When Women Get In Power
SOS:34
Lyric:
When Women Get In Power (composer and lyricist unknown)
Some fine morning we’ll all awake, find a stand that the women’ll take
Change this world all upside down, we’ll have a lady mayor in every town
They’ll spend all the money that the poor men make, to run the country they’ll undertake
They say the men do not advance, it’s time for women to wear the pants
Some men will sit at home and fix, while the women talk politics
They’ll go inside the legislation walls, they say they’re goin' to make the laws
The old maids will be in power then, they say they’ll marry all the single men
And the man that refuses to take a wife will have to go to the pen for life
Well, The men will have to take back seats while the women police the streets
Then you’ll dare not smoke or chew, for you’ll catch it if you do
They’ll be runnin the courts you see, judge and jury they will be
What she says will have to go when we poor men can't stand no show
Now here’s to you poor married men, by nine o’clock you'd better be in
She’ll search your pockets and if you ain’t right, she’ll lick you if you come home tight
She’ll tell you that she’s boss now, there’ll be no use to rage around
You have to obey your mother in law and silent be unto her jaw
Now ever since the world began, the women have tried to rule the men
She made man commit the first offence and she’s been after man ever since
Now God made the word and he rested then, then he made a man and he rested again
Then he made a woman from man’s expense and neither God nor man have rested since
Credits:
Recorded November 1st, 2016 at home
Engineered by Sean Sullivan
Tim O’Brien – guitar and vocal
Song Notes
Like most everyone else on November 9th , I was surprised at who won the presidential election. Regardless of the result of that historic contest, or how you or anyone feels about it, this song’s lyric is still timely. While the lyric’s author is unknown, the subject matter refers to the idea of woman’s suffrage, which was brand new in the 1920’s. Of course nowadays, women not only can vote, they can become president. As Leadbelly said once, “They even have women that can drive airplanes!”

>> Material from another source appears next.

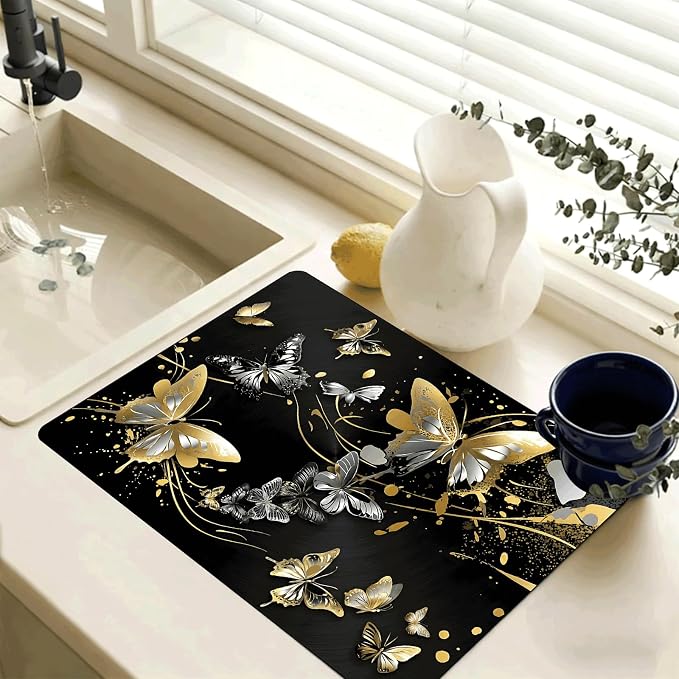 Black Gold Butterfly Stove Top Cover 28.3 x 20.5 Inches, Heat Resistant Glass - Image 3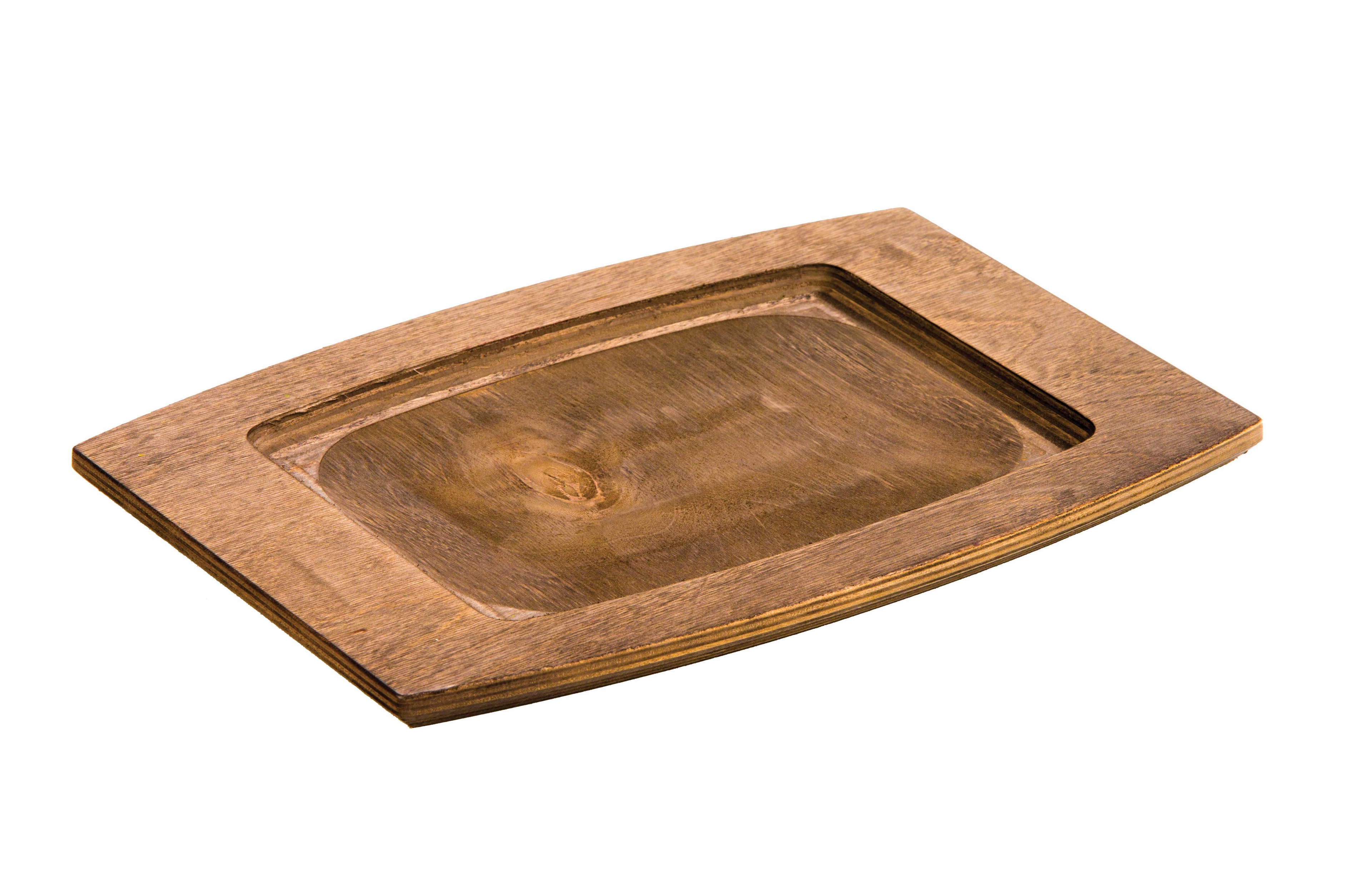 Lodge Walnut Stain Rectangular Wood Underliner, 13.88 x 9.75 inch -- 6 per case.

Blind George Reneau recorded a very similar piece in 1925, but my version comes from an August 1933 recording by West Virginia’s Bill Cox, the Dixie Songbird. Employed as maintenance man at the Ruffner hotel in Charleston, he would sometimes entertain patrons with his guitar and harmonica. IN 1927 the hotel started radio station WOBU, and Cox started performing in that new medium. His erratic attendance drew a suggestion from the station manager that Cox make some recordings so that they could play them when he was absent! In the end Cox recorded about 150 songs for various labels under various names. He wrote some fine original songs as well, including the well-known country standard Sparkling Brown Eyes. Doc Watson said he got the idea to play harmonica on a neck rack while simultaneously playing guitar from Bill Cox. Born August 4, 1897 in Eagle WV, he died in obscurity in Charleston on December 10, 1968.